Updated data stored successfully locally
* Downloading: <_io.BufferedReader name='cache/datasets/sample_data_local'>
A B C D
0 0.858184 40 cat Z
1 0.467917 62 dog Y
2 0.810327 86 bird X
3 0.194756 89 cat X
4 0.313579 61 dog X
Deleting Local Data¶
# Delete the stored data from local storage
Container.ds.delete('sample_data_local')
print("Data deleted successfully from local storage")
3. S3 Storage¶
Now, let's see how to use S3 storage for the same operations:
Configuring S3 Storage¶
First, we need to configure the S3 storage backend:
# Configure S3 storage
s3_storage = S3Storage(
bucket=os.environ.get('TEST_BUCKET_NAME'), # type: ignore
region_name=os.environ.get('REGION_NAME'), # type: ignore
access_key=os.environ.get('ACCESS_KEY'), # type: ignore
access_key_id=os.environ.get('ACCESS_KEY_ID'), # type: ignore
endpoint_url=os.environ.get('ENDPOINT_URL'),
)
# Set S3 storage as the default storage backend
Container.storage = s3_storage
Storing Data in S3¶
# Store the DataFrame in S3
Container.ds.save('sample_data_s3', df)
print("Data stored successfully in S3")
- Binary prepared!
- Stream ready!
* Object size 8e-08 GBs
Upload Complete!
Data stored successfully in S3
Listing Data in S3¶
Retrieving Data from S3¶
# Retrieve the stored DataFrame from S3
retrieved_df = Container.ds.load('sample_data_s3')
print("Data retrieved successfully from S3")
print(retrieved_df.value.head())
Data retrieved successfully from S3
A B C D
0 0.301524 95 cat Y
1 0.101139 20 dog X
2 0.852597 49 bird X
3 0.049054 59 cat Z
4 0.463926 59 dog X
Updating Data in S3¶
# Update the DataFrame
df['E'] = np.random.choice(['P', 'Q', 'R'], 100)
# Store the updated DataFrame in S3
Container.ds.update('sample_data_s3', df)
print("Updated data stored successfully in S3")
# Retrieve and display the updated DataFrame
updated_df = Container.ds.load('sample_data_s3')
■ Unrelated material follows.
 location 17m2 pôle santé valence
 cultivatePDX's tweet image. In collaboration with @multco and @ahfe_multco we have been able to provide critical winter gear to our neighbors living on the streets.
print(updated_df.value.head())
- Binary prepared!
- Stream ready!
* Object size 8e-08 GBs
Upload Complete!
Updated data stored successfully in S3
A B C D E
0 0.735935 60 cat Y P
1 0.772428 23 dog Y Q
2 0.509925 6 bird X Q
3 0.775553 7 cat Z R
4 0.395329 81 dog X P
Deleting Data from S3¶
# Delete the stored data from S3
Container.ds.delete('sample_data_s3')
print("Data deleted successfully from S3")
Conclusion¶
This tutorial demonstrated how to use both local storage and S3 storage in Framework3 to:
- Store data
- List stored data
- Retrieve data
- Update stored data
- Delete data
The Container.ds
interface provides a consistent way to interact with different storage backends, making it easy to switch between local and S3 storage as needed.